- _Your objective_:
Write out the lines of the material below exactly, beginning at the line with "Ma-Cabane - Vente Appartement MEGEVE, 126 m²" and stopping after the line with "Exploring JILIP8: A", and leave out the pictures.

- _Raw data_:
▼
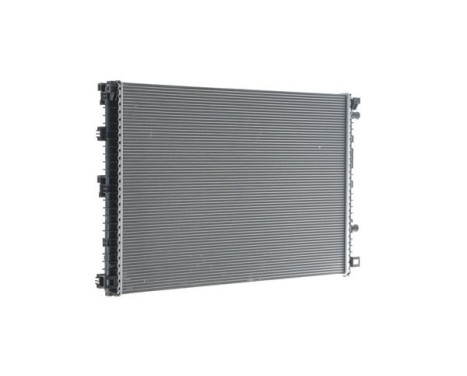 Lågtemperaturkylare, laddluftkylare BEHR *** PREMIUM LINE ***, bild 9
▲
▼
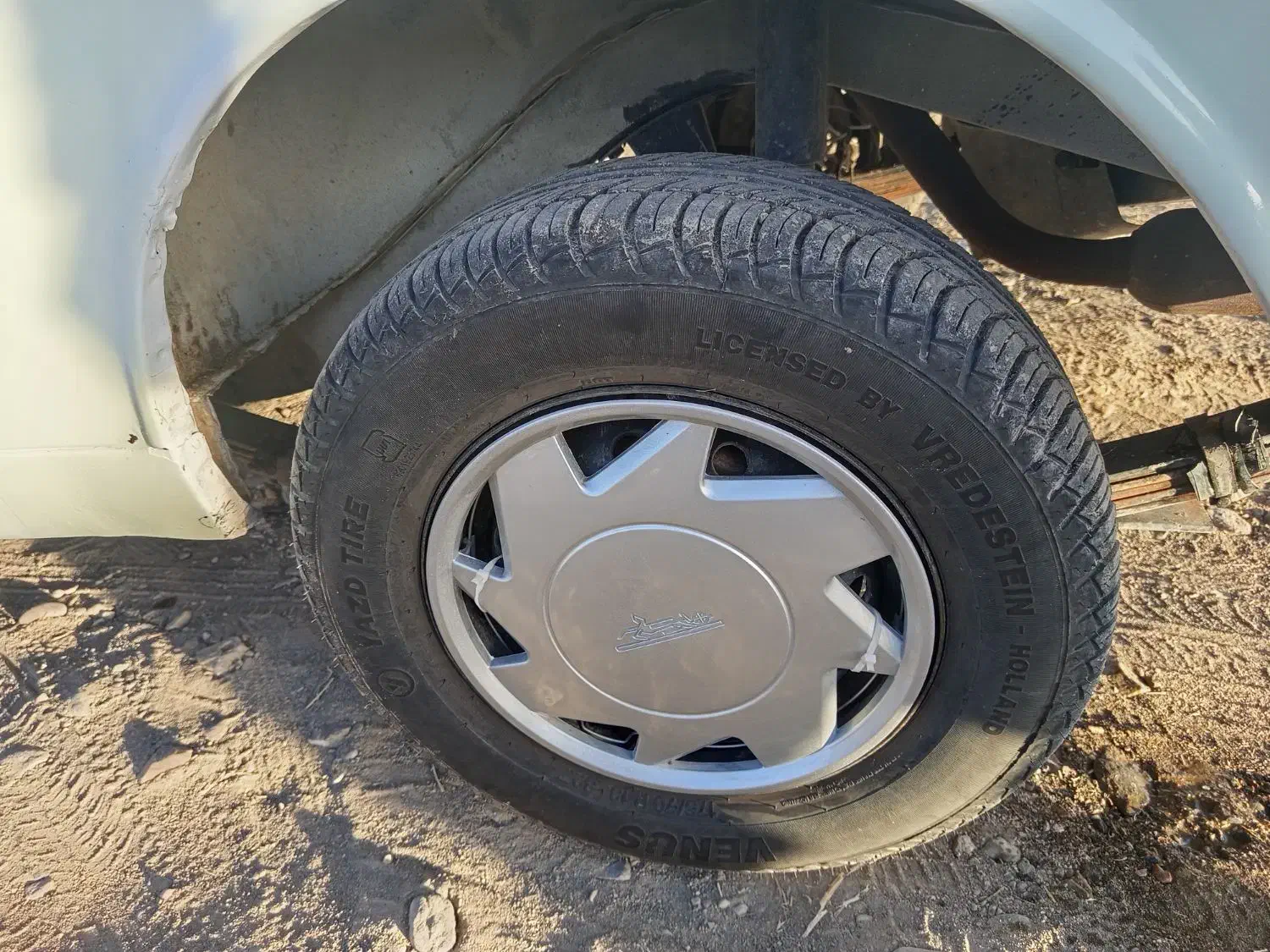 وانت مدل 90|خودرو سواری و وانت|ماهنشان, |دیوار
▲
▼
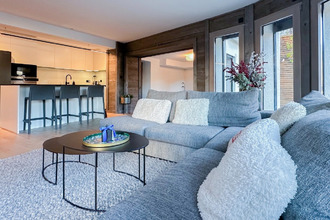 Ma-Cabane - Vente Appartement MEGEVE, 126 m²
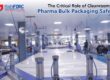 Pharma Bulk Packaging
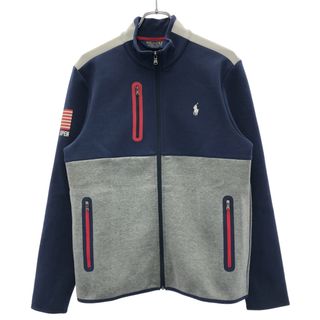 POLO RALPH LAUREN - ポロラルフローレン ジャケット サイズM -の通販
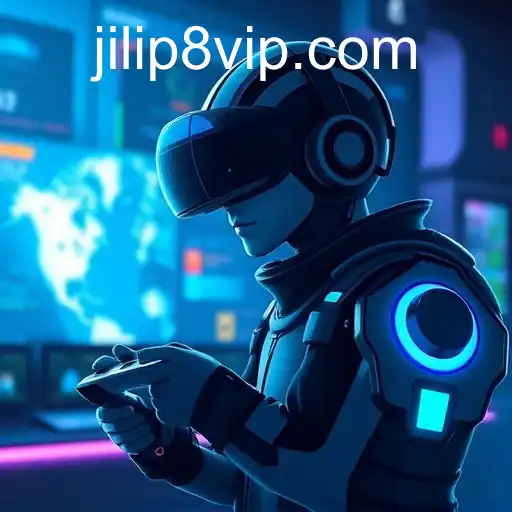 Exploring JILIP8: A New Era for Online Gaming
▲
- _Result for this exercise_:
 Ma-Cabane - Vente Appartement MEGEVE, 126 m²
 Pharma Bulk Packaging
 POLO RALPH LAUREN - ポロラルフローレン ジャケット サイズM -の通販
 Exploring JILIP8: A New Era for Online Gaming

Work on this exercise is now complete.